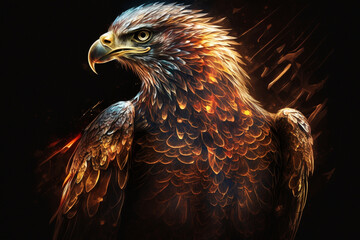 Fototapeta premium A captivating illustration of an eagle engulfed in translucent fire flames, a symbol of power and freedom. Ai generated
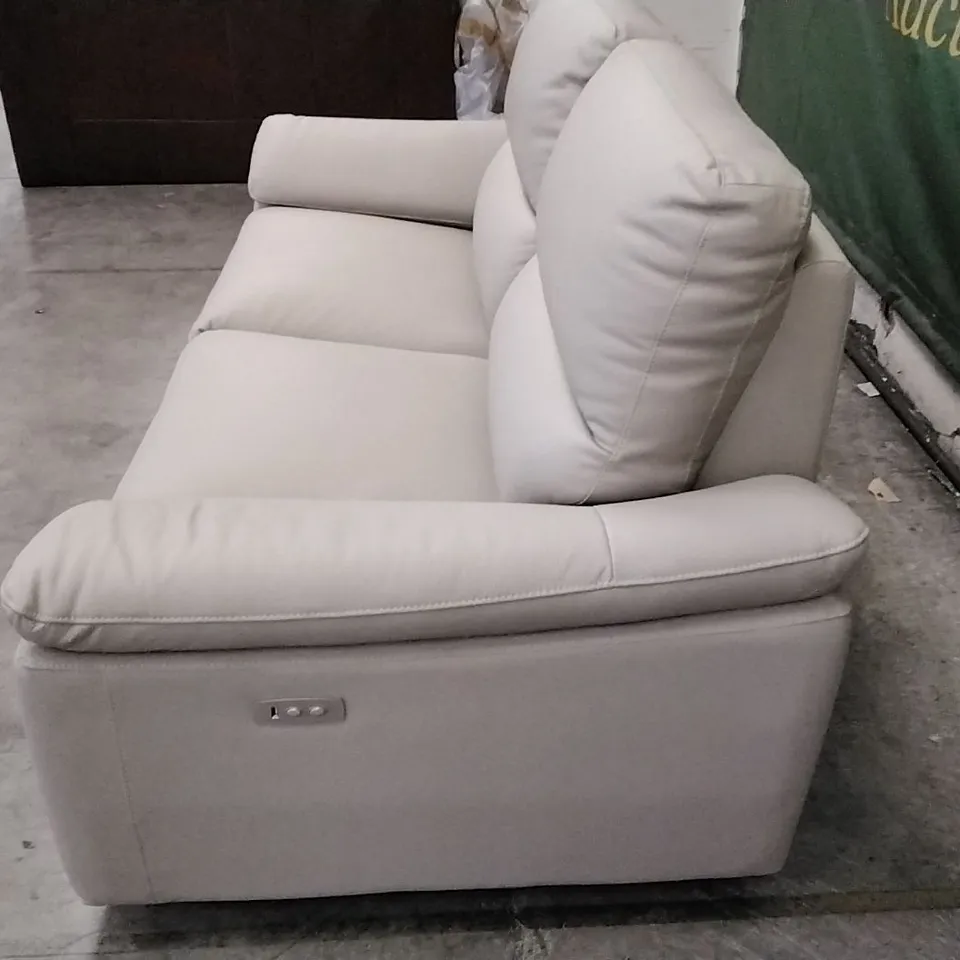 DESIGNER PAVILION SOFT GREY LEATHER ELECTRIC RECLINING 3 SEATER SOFA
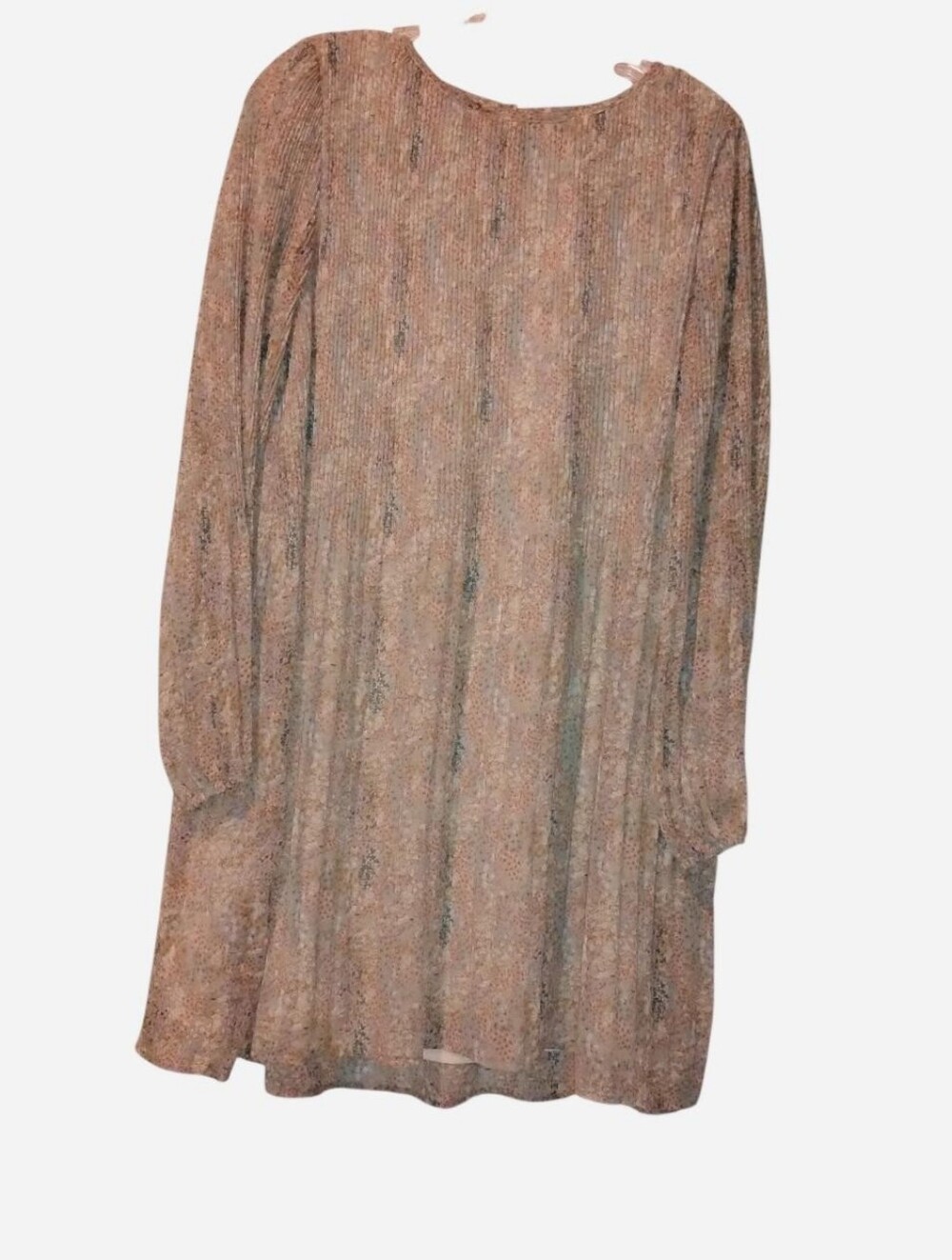 Pastel Ditsy Floral Pleated Shift Dress Boho Size S/M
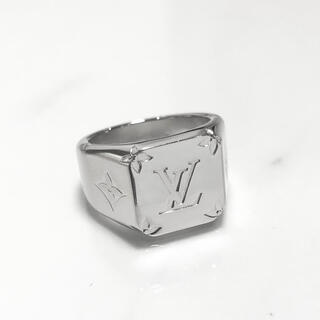 LOUIS VUITTON - ヴィトン 指輪 シグネット シルバー 銀 モチーフ ロゴ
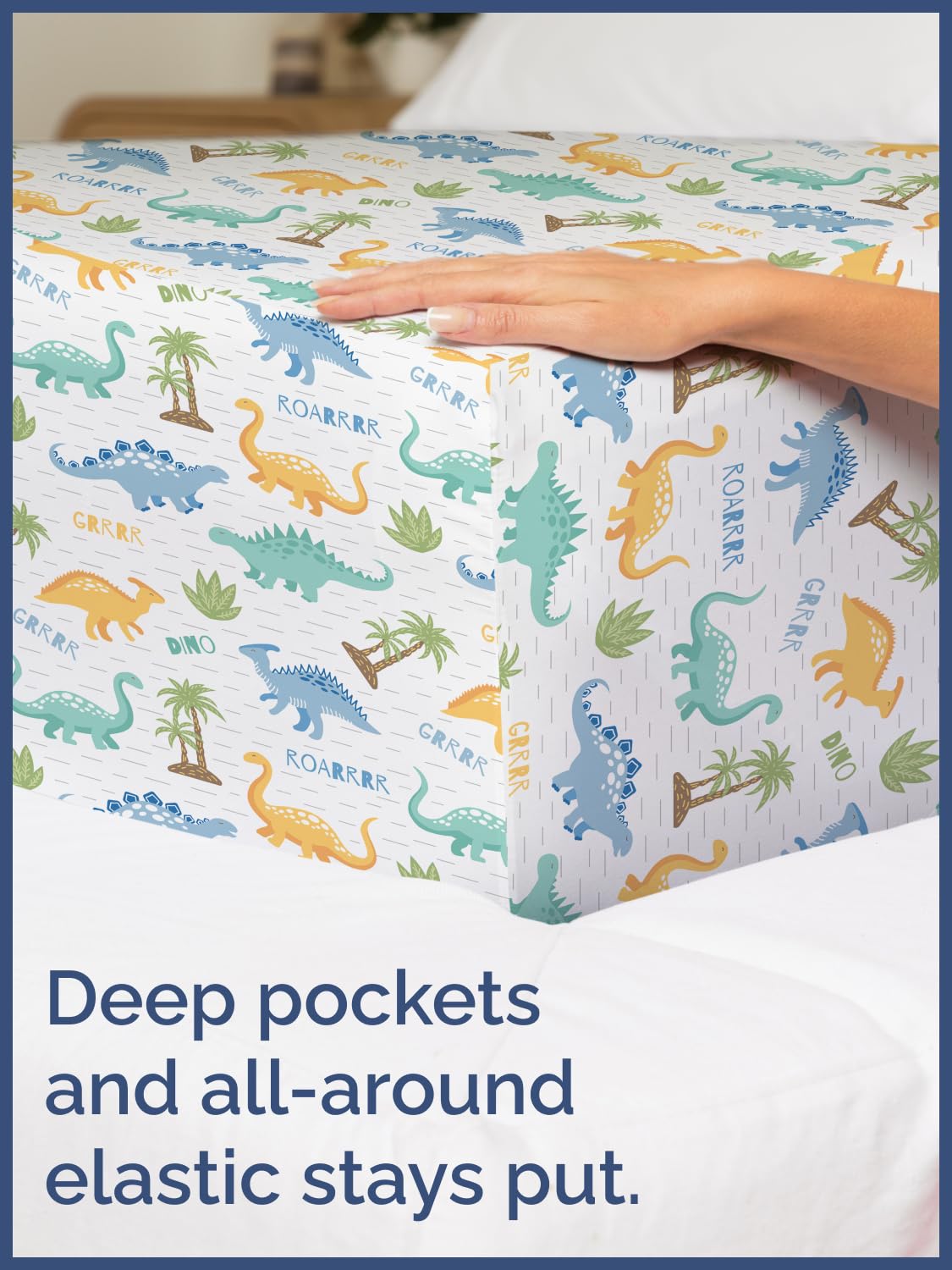 Kids Full Size Bed Sheet Set - 4 Piece Kids Loft Bed Sheets - Colorful Dinosaur Dino Print Bedding - Soft, Cute - Breathable & Machine Washable - Dino Pattern Bed Set for Boys, Girls, Teens & Toddlers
☆ ☆ ☆ ☆
Copy out, without any pictures, the lines of the records above from the one containing "Pastel Ditsy Floral" through the final line, both ends included.

- **OUTPUT OF THE EXERCISE**
 Pastel Ditsy Floral Pleated Shift Dress Boho Size S/M
 LOUIS VUITTON - ヴィトン 指輪 シグネット シルバー 銀 モチーフ ロゴ
 Kids Full Size Bed Sheet Set - 4 Piece Kids Loft Bed Sheets - Colorful Dinosaur Dino Print Bedding - Soft, Cute - Breathable & Machine Washable - Dino Pattern Bed Set for Boys, Girls, Teens & Toddlers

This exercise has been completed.